1984 Revisited After an Election Year

1984 by George Orwell is a perfect book, to me.
I fell in love with Orwell’s writing after reading Animal Farm, which, for the first time in my life, showcased the dangers of power and government. Orwell awoke, in me, a sense of understanding. He showed me that the forces that are in power will always be in power — we, the normal people, just fight over what they look like and never what they actually do.
When I sat down to read 1984, I never imagined that it would become one of my favorite novels. Yet, it did. There was something that felt dangerous about reading Orwell’s words. I felt as though I was reading something I shouldn’t know. He convinced me that we are all linked in this fight against “Big Brother” and with every passing year, we get closer and closer to complete party control.
I remember walking through the journey of enlightenment with Winston. I recall the feeling of forbidden love through his relationship with Julia. I felt like I understood what it meant when Orwell wrote “2+2=5.” I resonated with Winston when he wanted to overthrow the party through the proletariate. It felt as though 1984 was as much a part of my world, as I was a part of its existence.
That is why this book is so unique to look back on during an election year.

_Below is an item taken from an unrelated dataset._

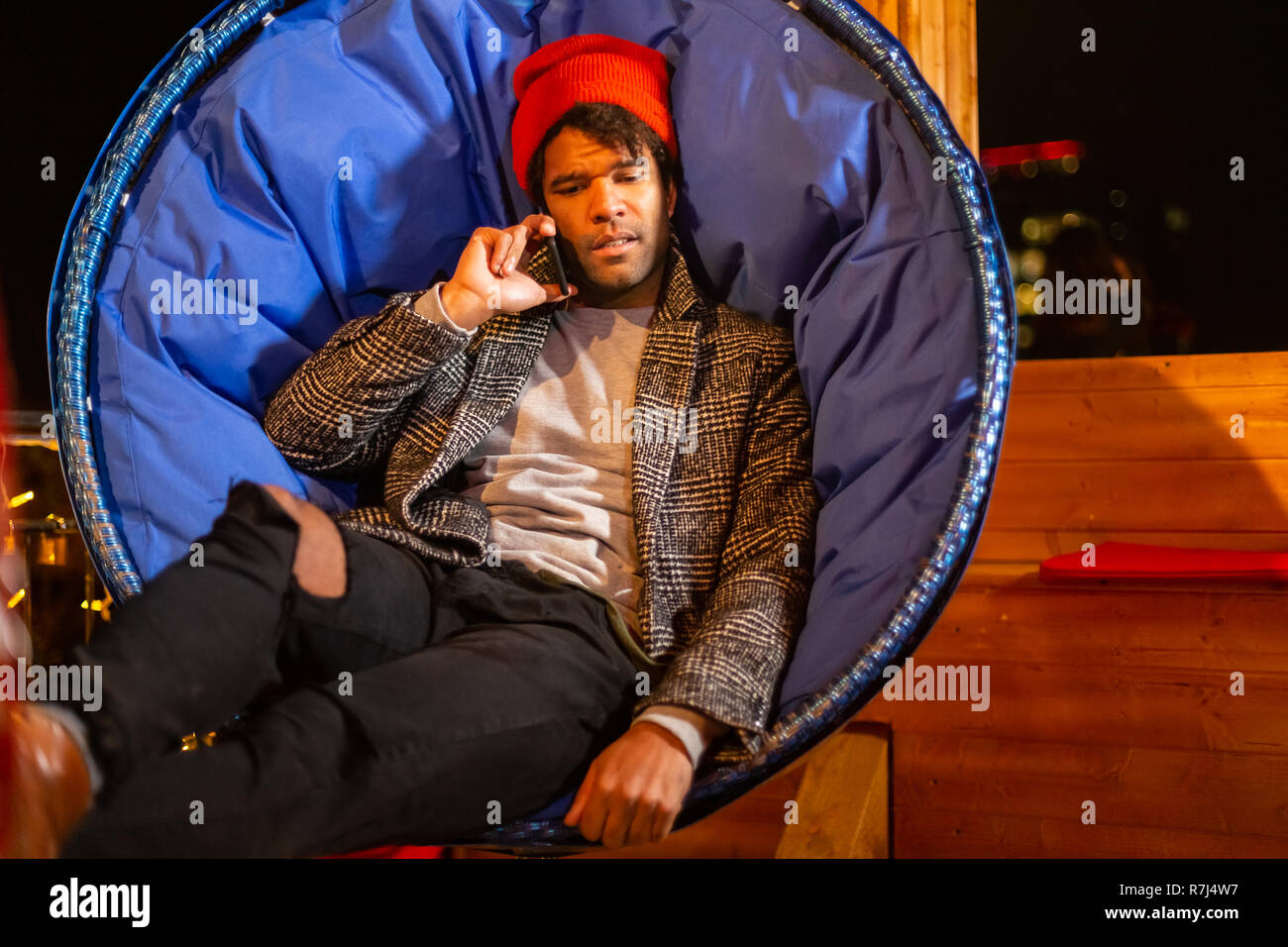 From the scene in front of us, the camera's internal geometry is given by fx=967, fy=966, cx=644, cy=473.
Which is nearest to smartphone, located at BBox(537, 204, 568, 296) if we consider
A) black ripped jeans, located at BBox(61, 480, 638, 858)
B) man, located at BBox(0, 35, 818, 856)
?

Over the past year, we have all seen the tweets quoting George Orwell’s words found throughout the book. We see them under tweets that support Democrat candidates, and we see them under tweets that support Republican candidates. We were so quick to dismiss each governmental shift as the coming of “Newspeak” and the one-party system. However, I found that those quoting Orwell's words are the same ones that missed the entire point of the book. It wasn’t a book written solely to strike fear in a form of government that resembled totalitarianism. It was a book also written to remind the reader that any form of blind submission, to anything, is dangerous.
Blind submission is what made the society Orwell wrote about so vulnerable. “The Party” took over when a gap in the society presented the opportunity. Once in power, it changed the system and construction of society. It controlled the past, which meant it held the keys to the present and the future. Yet, all its power came from those who didn’t question its very existence within the world. They took what “The Party,” said and believed it, even when reason and evidence could deduce that what “The Party,” said was false.
“If all records told the same tale — then the lie passed into history and became truth. ‘Who controls the past,’ ran the Party slogan, ‘controls the future: who controls the present controls the past.’ And yet the past, though of its nature alterable, never had been altered.” (Orwell, 34).
Blind acceptance gave the party power to alter the past right before the present’s eye. A lack of questioning and accountability always leads to a dangerous power structure. The inherent danger in the notion of blind acceptance is that it produces blind hatred.
Blind acceptance of any political ideology sets up walls of false trust, half-truths, and lies that alters the very fabric of human communication. You begin to hate people solely because the popular narrative is to hate them. The party tells you to hate through subliminal messaging, and you buy the narrative for all it’s worth. Think about the nature of Trump's presidency, concerning the perception of immigrants, as an example.
And in Orwell’s world, much like our own, it was that hate which made “The Party” so strong.
“It was curious to think that the sky was the same for everybody, in Eurasia or Eastasia as well as here. And the people under the sky were also very much the same — everywhere, all over the world, hundreds or thousands of millions of people just like this, people ignorant of one another existence, held apart by walls of hatred and lies, and yet almost exactly the same — people who had never learned to think but were storing up in their hearts and bellies and muscles the power that would one day overturn the world.” (Orwell, 220).
If we, the least powerful in society, realized the power in not hating others, those setting the standard of hate wouldn’t have any footing to govern on. There wouldn't be blind acceptance to what the party told us to do, say, think, or hate. There would be no need for divulging realities, different networks, alternative news stations, and skewed“facts”. There would simply be the truth, and that truth would govern our reality. That objective truth would constantly remind us that those different from us, are still just like us.
So in an election year, 1984 becomes an exceedingly interesting revisit. Those on both sides have assumed a sort of blind hatred, simply because they are told to hate by those in power. Little do we know that the blind acceptance of hate is our tribute to being governed by the party. Our quick tendency to accept hatred among ourselves, and war between ourselves based on our differences, opens the door for the dreaded “Big Brother” that we so adamantly fear.
We claim to seek a revolution, but that very revolution isn't founded on how similar we are as humans. The revolution is founded on anger and hatred. We want to replace “The Party” with a clone of itself. How can revolution take place if the walls between our worlds are still being built, and the hatred among us is only beginning to simmer?
Blind acceptance — it's one of the biggest takeaways found throughout 1984. George Orwell taught us many things throughout this book, yet, for as much as we quote it, we seem to have missed one of its most poignant points; our blind hatred makes us so easily exploited by those above us.